Using the Kombilo engine in your own scripts¶
This document describes how to use the Kombilo database from your own Python scripts, enabling you to do all kinds of data mining on your SGF databases.
Getting started¶
It is easiest to create some databases using Kombilo, and then just use the
database files kombilo.d*
(or first copy them somewhere).
Then, a pattern search can be done in a few lines:
# set up the KEngine, load the database files
K = KEngine()
K.gamelist.DBlist.append({ 'sgfpath': '.', 'name':('.', 'kombilo1'),
'data': None, 'disabled': 0})
K.loadDBs()
# let us check whether this worked
print K.gamelist.noOfGames(), 'games in database.'
# define a search pattern
p = Pattern('''
.......
.......
...X...
....X..
...OX..
...OO..
.......
''', ptype=CORNER_NE_PATTERN, sizeX=7, sizeY=7)
# start pattern search
K.patternSearch(p)
# print some information
print K.patternSearchDetails()
For a slightly extended example, see basic_pattern_search
.
Instead of appending items to K.gamelist.DBlist
manually as above, you
can also use the py:meth:GameList.populateDBs method, see e.g.
sgftree
.
The scripts in the examples directory¶
basic_pattern_search.py¶
sgftree¶
This script takes an initial position, searches for it in the given database, and then searches for all continuations, then for all continuations in the newly found results etc. In this way, a tree of positions is computed, and in the end everything is written into an SGF file, with some information about the search results at each step. (Note that this functionality is also available from within Kombilo.)
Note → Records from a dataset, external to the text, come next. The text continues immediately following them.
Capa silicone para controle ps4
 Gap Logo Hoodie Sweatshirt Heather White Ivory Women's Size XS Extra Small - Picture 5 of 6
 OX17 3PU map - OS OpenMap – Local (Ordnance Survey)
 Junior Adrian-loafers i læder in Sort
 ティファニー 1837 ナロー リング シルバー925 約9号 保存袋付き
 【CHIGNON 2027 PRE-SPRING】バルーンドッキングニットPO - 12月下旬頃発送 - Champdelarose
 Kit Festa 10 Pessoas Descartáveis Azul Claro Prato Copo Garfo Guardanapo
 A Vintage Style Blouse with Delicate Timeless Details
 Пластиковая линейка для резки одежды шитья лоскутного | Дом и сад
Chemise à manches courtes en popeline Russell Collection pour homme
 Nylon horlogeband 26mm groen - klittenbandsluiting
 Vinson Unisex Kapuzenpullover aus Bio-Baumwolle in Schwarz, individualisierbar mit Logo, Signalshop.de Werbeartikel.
Before starting the script, you need to write a configuration file. In the
[databases]
section, information about the databases to be used should be
given, in the [options]
section some options must be set.
Mandatory options are
output # name of the output file
Further options:
initialposition # the initial position; see below for examples, default: empty board
boardsize # board size, default: 19,
anchors # the rectangle within which the top left corner of the search pattern
# may move, default: (0, 0, 0, 0),
selection # the region on the board which is used as the search pattern,
# default: ((0, 0), (18, 18)),
depth # the highest move number that is considered, default: 10
min_number_of_hits # variations with less hits are not considered (black/white
# continuations are considered separately) default: 10
max_number_of_branches # if there are more continuations,
# only those with the most hits are considered, default: 20
gisearch # a query text for a game info search to be carried out
# before the pattern searches, default: no game info search
reset_game_list # should each search start from the initial game list, or from
# the list resulting from the search for the parent node?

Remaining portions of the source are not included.